▶ _What needs to be done_
Transcribe every line below exactly; no image goes into the output.
____________
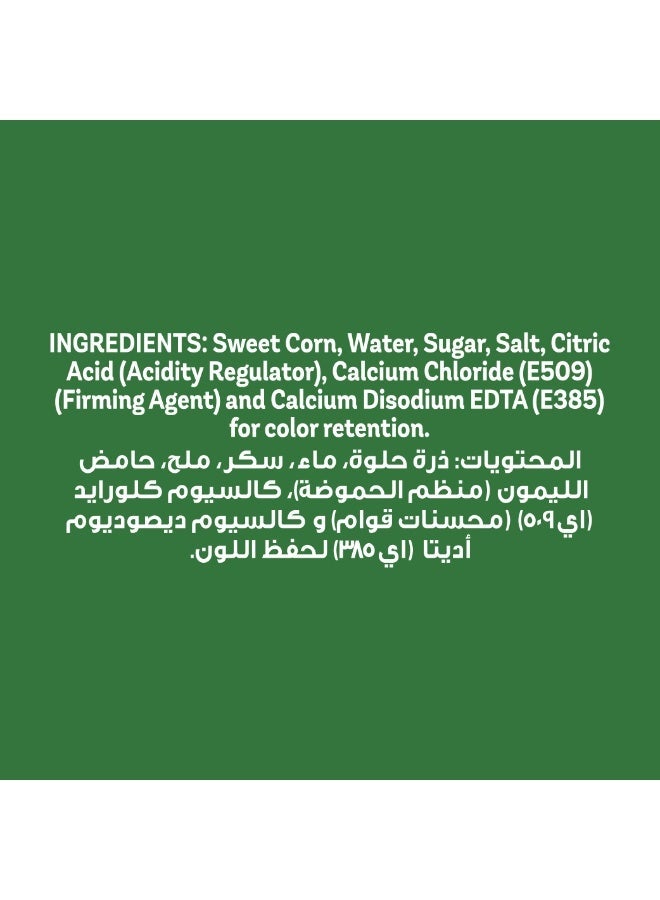 California Garden Whole Kernel Sweet Corn - Image 4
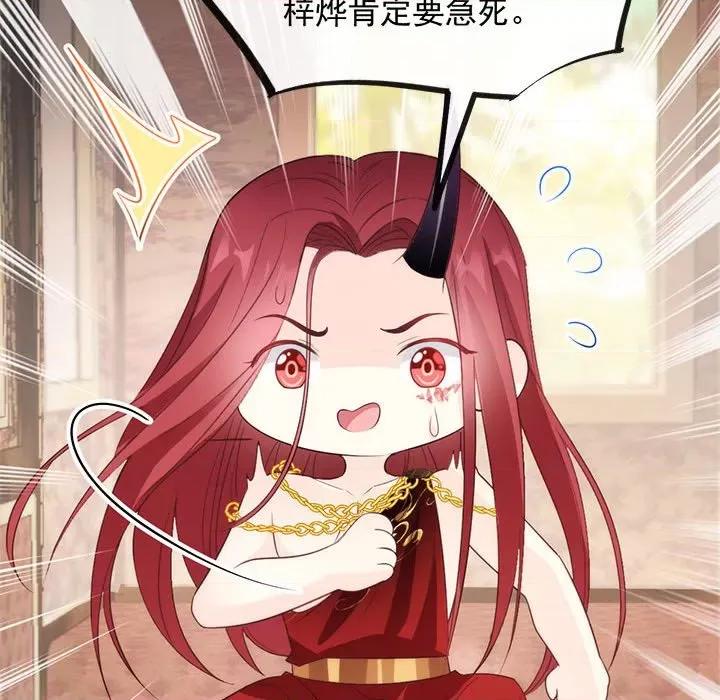 魔神的新娘 魔神的新娘-第 50 话 第112页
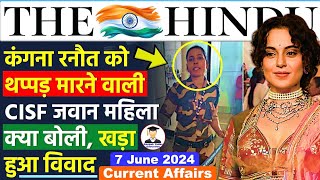7 June 2024 | The Hindu Newspaper Analysis | Kangana Ranaut slapped by CISF jawan Video|Current News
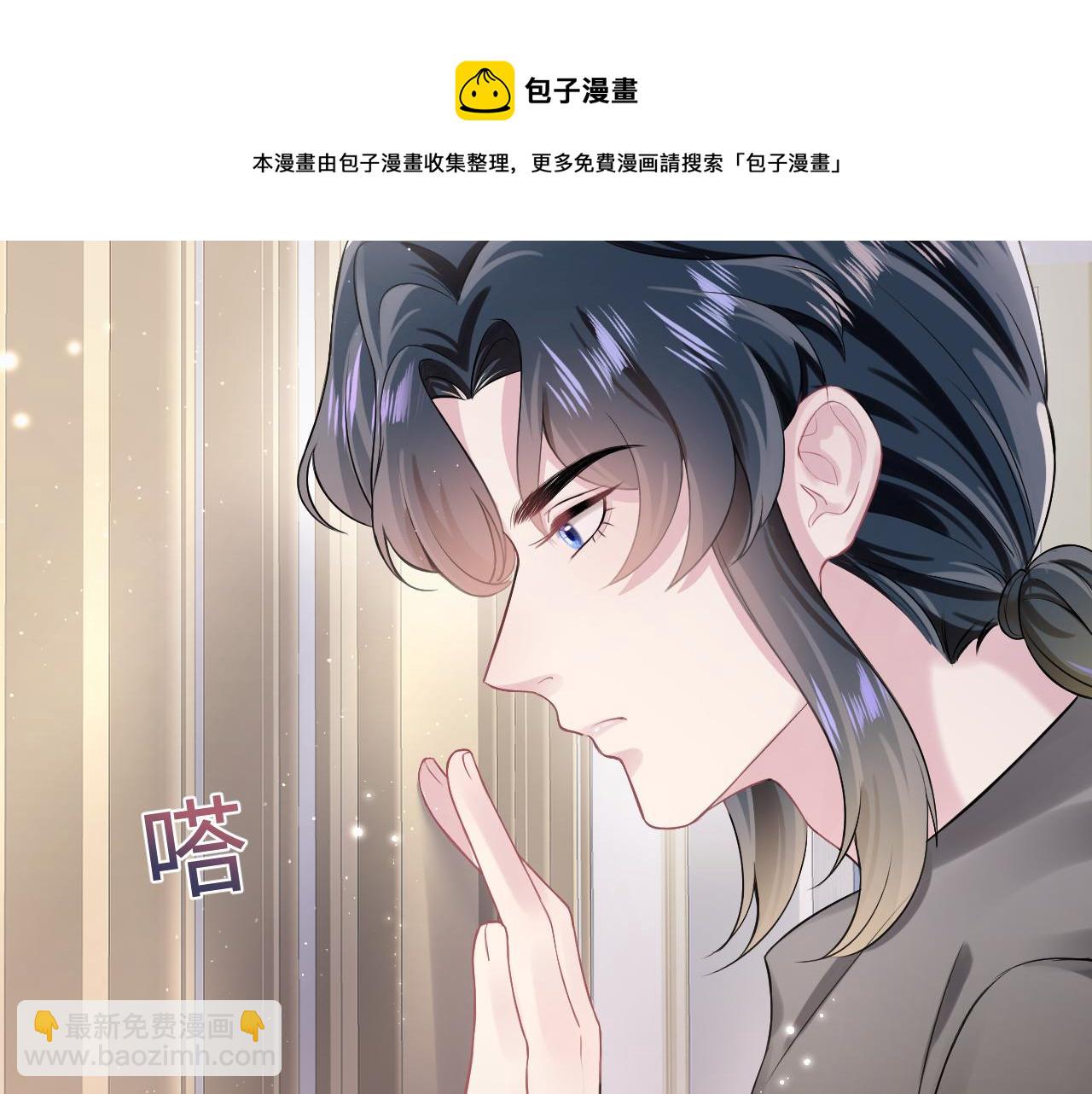 第71话 来自官配的危机56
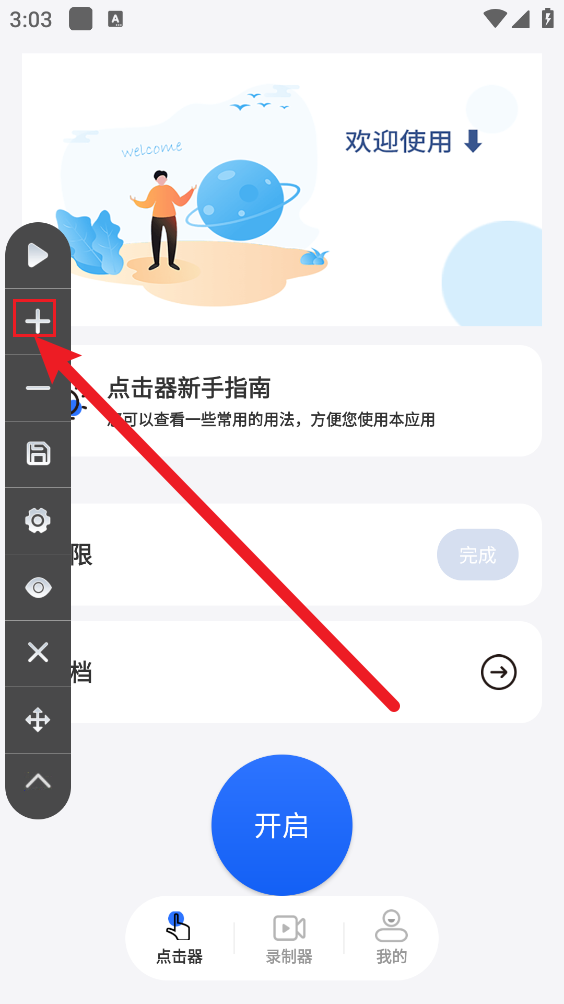 大白自动点击器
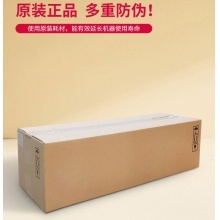 理光C2011SP硒鼓（原装）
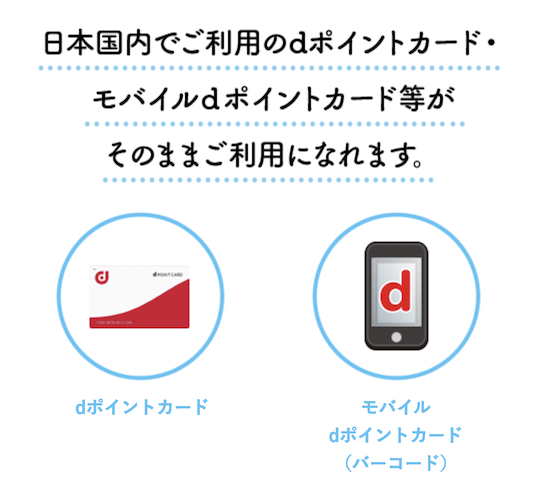 海外でもdポイントカード（物理カード）とモバイルdポイントカード（バーコード）が利用可能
____________
▶ _The answer_
 California Garden Whole Kernel Sweet Corn - Image 4
 魔神的新娘 魔神的新娘-第 50 话 第112页
7 June 2024 | The Hindu Newspaper Analysis | Kangana Ranaut slapped by CISF jawan Video|Current News
 第71话 来自官配的危机56
 大白自动点击器
 理光C2011SP硒鼓（原装）
 海外でもdポイントカード（物理カード）とモバイルdポイントカード（バーコード）が利用可能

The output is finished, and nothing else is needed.